The council, however, contested this claim, challenging the legitimacy of the court, which it said, was a tool of the Tripoli-based GNC.

As it currently stands, the political polarization in Libya has served to divide the country into different areas of administrative and military control, which are loosely as follows:

1. Areas of administrative control

The GNC currently controls most of western Libya, from the Tunisian border up to -- but not including -- the coastal city of Sirte. Areas under GNC control include capital Tripoli but exclude the city of Zintan and the Warshefana area.

The Tobruk-based government, meanwhile, now controls most of eastern Libya, including Benghazi, the country’s second largest city.

The Daesh terrorist group, for its part, has taken advantage of this ongoing rivalry to capture territory of its own.

Although the terrorist group lost the city of Derna to the Shura Council of Mujahideen -- an Islamist group loyal to neither Tobruk nor Tripoli -- late last year, it currently holds the city of Sirte, the hometown of late leader Gaddafi.

Estimates as to the number of Daesh terrorists currently based in Sirte range from 1,500 (Libyan sources) to 3,000 (sources cited by the western media).

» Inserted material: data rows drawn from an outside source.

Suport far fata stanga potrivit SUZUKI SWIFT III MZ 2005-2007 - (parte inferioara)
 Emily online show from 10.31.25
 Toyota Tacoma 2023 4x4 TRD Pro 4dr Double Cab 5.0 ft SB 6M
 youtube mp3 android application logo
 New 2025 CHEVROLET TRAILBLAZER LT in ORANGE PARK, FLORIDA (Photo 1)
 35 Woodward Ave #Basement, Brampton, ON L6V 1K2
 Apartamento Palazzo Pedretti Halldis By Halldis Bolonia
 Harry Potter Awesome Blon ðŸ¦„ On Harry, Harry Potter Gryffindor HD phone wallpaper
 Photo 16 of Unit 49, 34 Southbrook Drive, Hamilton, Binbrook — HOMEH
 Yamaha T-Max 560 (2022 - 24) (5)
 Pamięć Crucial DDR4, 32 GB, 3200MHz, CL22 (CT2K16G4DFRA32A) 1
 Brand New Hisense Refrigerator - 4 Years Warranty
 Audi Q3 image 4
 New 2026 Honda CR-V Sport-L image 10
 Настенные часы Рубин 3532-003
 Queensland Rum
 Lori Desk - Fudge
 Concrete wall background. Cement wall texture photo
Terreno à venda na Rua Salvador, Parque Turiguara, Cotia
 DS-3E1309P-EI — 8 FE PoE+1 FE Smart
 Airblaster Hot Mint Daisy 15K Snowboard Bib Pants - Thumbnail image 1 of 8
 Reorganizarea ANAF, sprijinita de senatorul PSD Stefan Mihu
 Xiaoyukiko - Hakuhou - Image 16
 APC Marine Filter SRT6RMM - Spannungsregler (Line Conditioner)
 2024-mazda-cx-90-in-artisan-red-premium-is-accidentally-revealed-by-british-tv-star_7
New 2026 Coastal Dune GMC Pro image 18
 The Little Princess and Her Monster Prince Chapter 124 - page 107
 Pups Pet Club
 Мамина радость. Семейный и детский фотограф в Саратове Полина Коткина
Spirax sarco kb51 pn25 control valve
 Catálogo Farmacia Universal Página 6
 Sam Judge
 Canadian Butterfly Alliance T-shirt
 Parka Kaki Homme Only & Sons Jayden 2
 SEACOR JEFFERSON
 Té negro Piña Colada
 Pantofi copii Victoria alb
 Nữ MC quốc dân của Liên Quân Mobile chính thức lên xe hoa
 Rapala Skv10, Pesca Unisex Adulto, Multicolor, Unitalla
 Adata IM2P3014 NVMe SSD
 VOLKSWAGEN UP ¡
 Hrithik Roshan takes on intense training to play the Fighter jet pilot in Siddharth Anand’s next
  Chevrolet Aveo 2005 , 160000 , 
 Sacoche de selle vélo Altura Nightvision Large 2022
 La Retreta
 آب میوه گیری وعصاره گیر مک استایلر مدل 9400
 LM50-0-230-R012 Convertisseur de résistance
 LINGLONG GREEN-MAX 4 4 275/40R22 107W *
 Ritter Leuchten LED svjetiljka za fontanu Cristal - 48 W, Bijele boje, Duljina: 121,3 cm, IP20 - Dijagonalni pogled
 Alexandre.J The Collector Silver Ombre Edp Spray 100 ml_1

2. Areas of military control

Western Libya is currently witnessing military conflict between the pro-GNC Fajr Libya ("Libyan Dawn") forces on the one hand and the self-styled "Army Operations Command" and the allied Al-Zintan Brigades -- both of which support the Tobruk government -- on the other.

Fajr Libya consists of revolutionaries who fought the Gaddafi regime in 2011. The group currently holds all the territory along the Libyan coast from the outskirts of Sirte to the border of Tunisia.

In eastern Libya, meanwhile, the army loyal to the Tobruk government is fighting Daesh and the "Shura Council of Benghazi Revolutionaries", who fought the Gaddafi regime in Benghazi in 2011.

The military conflict has remained ongoing since May 16, 2014, when -- in a move described as a "coup" by his opponents -- General Khalifa Haftar appeared on Libyan television to announce the dissolution of the Tripoli parliament, which had just unilaterally extended its mandate.

Haftar, with the support of the new government in Tobruk, went on to launch a wide-ranging military operation against the Ansar al-Sharia and Revolutionaries Brigades, both of which had fought the Gaddafi regime during the rebellion.

Haftar (who once served Gadadffi before defecting in the late 1980s) was later promoted to the rank of commander-in-chief of the Tobruk government’s armed forces.

The Daesh terrorist group, meanwhile, has continued to carry out sporadic raids in oil-rich areas of eastern Libya.

And in the country’s south, most territory is held by various tribes who have remained largely neutral in the ongoing conflict between Tobruk and Tripoli.